# WHAT THIS TASK INVOLVES:
Drop the pictures from the entries below, then reproduce the rest exactly.

# Captioned web image data:

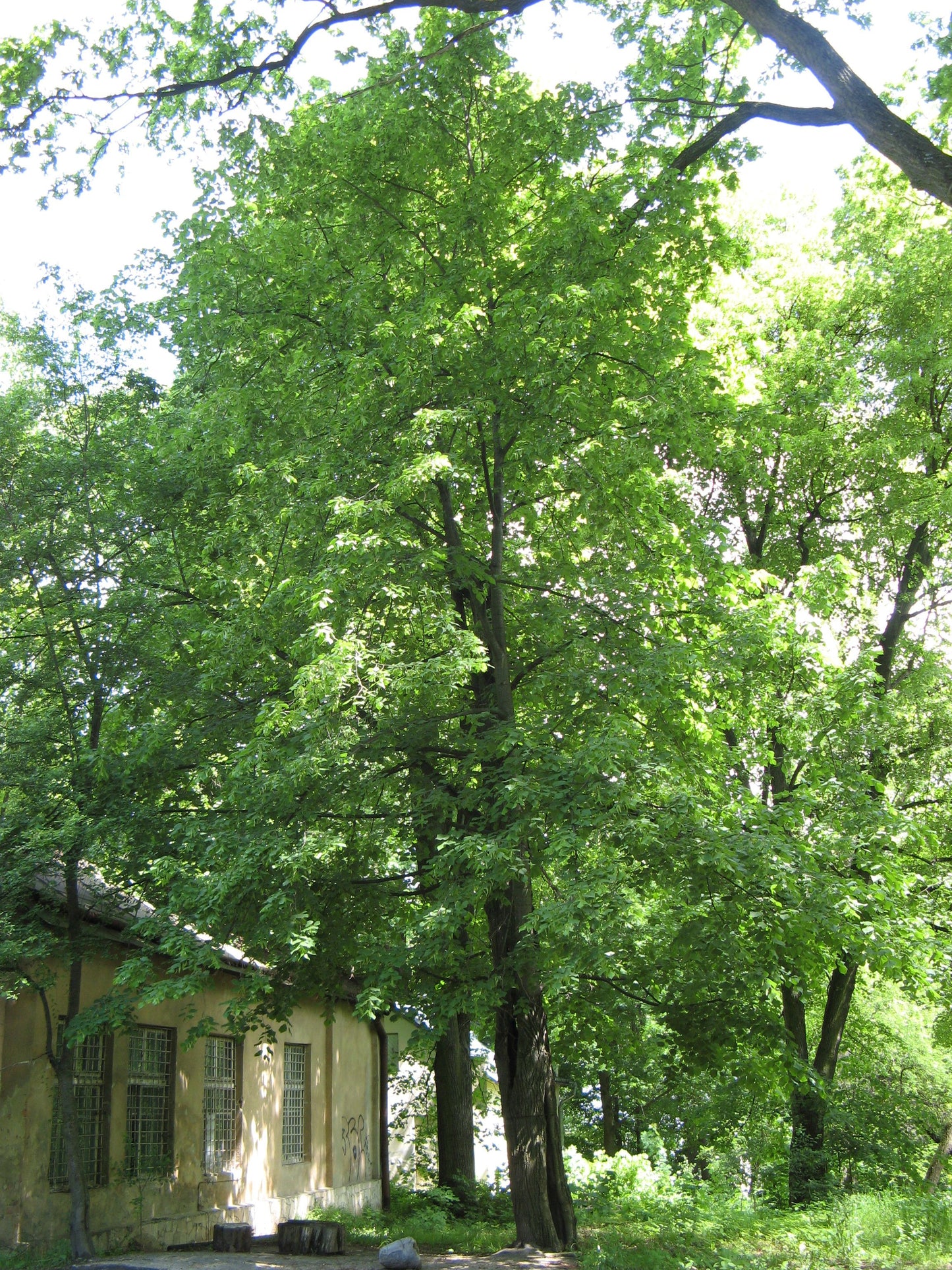 Tilia americana / Basswood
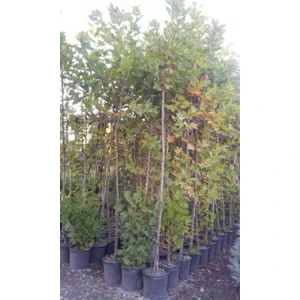 4 Yaş Londra Çınar Ağacı Fidanı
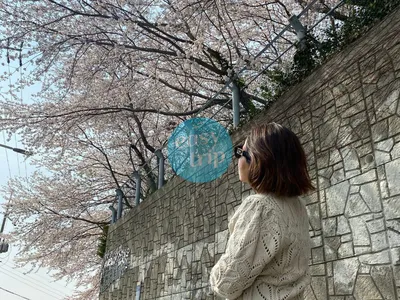 KOREA CHERRY BLOSSOM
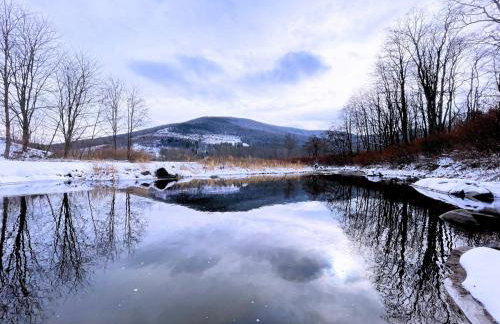 Skiing Close By! Firepit & Game Room - Foto 9
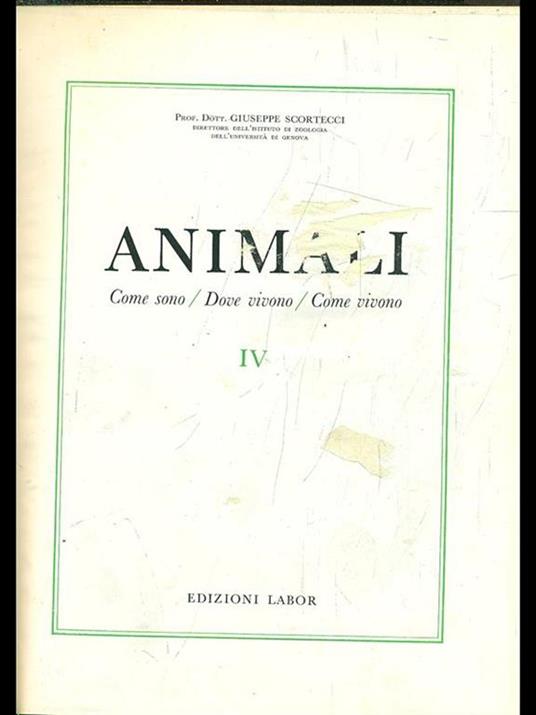 Animali IV - Giuseppe Scortecci - copertina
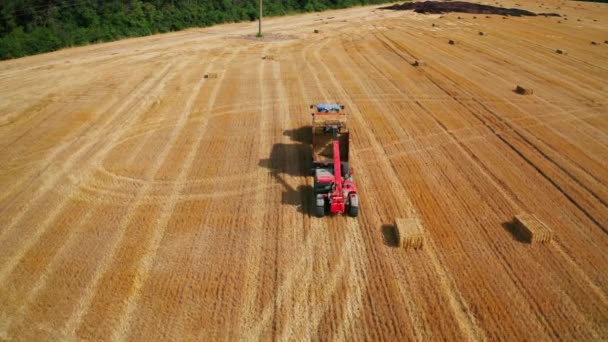 農業の掘削機は干し草をトラクターに置きます 小麦の収穫の後で分野で働く機械類 — ストック動画
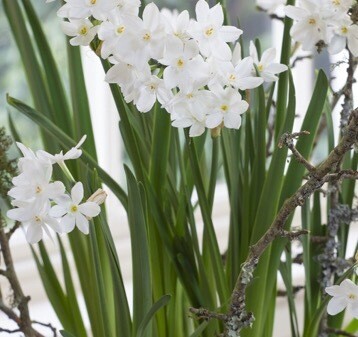 Paperwhite Narcissi In A Moss ball With lichen Twigs - Large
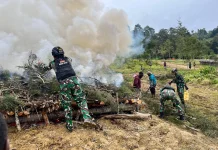 Satgas Yonif 511/DY Hadiri Tradisi Bakar Batu Bersama Masyarakat di Lanny Jaya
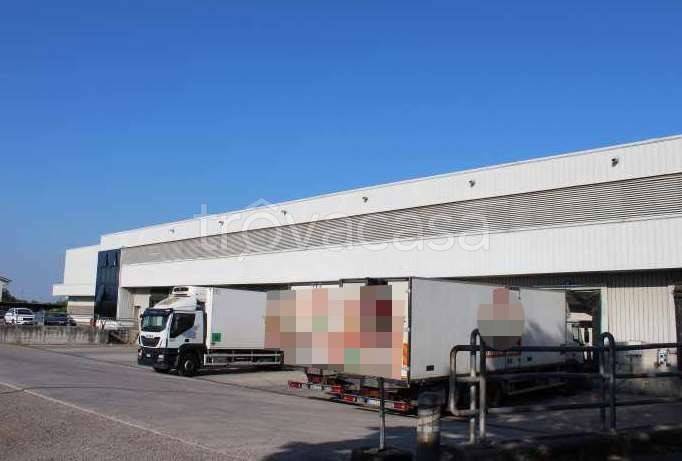 immagine annuncio 4 di 12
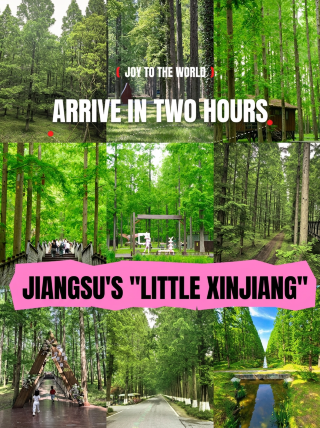 Two-hour direct high-speed train to Jiangsu’s “Little Xinjiang”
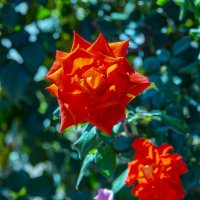 Роза :: Анатолий Чикчирный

# TASK RESPONSE:
 Tilia americana / Basswood
 4 Yaş Londra Çınar Ağacı Fidanı
 KOREA CHERRY BLOSSOM
 Skiing Close By! Firepit & Game Room - Foto 9
 Animali IV - Giuseppe Scortecci - copertina
 農業の掘削機は干し草をトラクターに置きます 小麦の収穫の後で分野で働く機械類 — ストック動画
 Paperwhite Narcissi In A Moss ball With lichen Twigs - Large
 Satgas Yonif 511/DY Hadiri Tradisi Bakar Batu Bersama Masyarakat di Lanny Jaya
 immagine annuncio 4 di 12
 Two-hour direct high-speed train to Jiangsu’s “Little Xinjiang”
 Роза :: Анатолий Чикчирный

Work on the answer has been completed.